**SUPPLIED DATA**
==*==

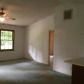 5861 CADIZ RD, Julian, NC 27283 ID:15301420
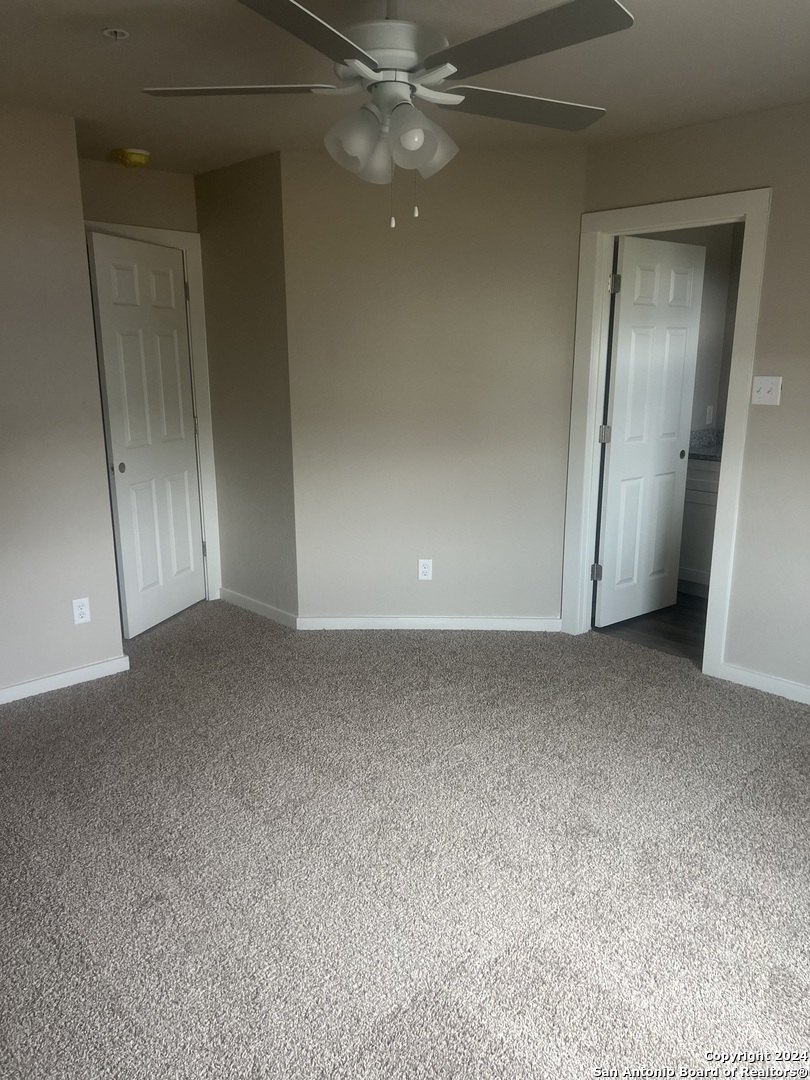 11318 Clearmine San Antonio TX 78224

==*==

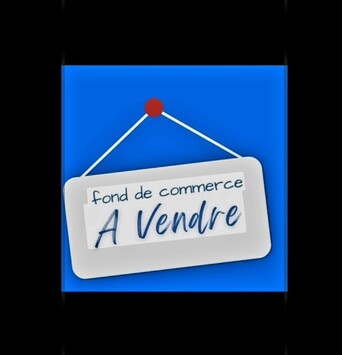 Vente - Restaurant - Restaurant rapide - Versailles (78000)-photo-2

==*==

**PROBLEM STATEMENT**
Each line above starting at the one holding "5861 CADIZ RD, Julian, NC 27283 ID:15301420" and ending at the one holding "11318 Clearmine San Antonio TX 78224" should be set down exactly as it stands, both ends included, with no pictures.

**REPLY TO THE TASK**
 5861 CADIZ RD, Julian, NC 27283 ID:15301420
 11318 Clearmine San Antonio TX 78224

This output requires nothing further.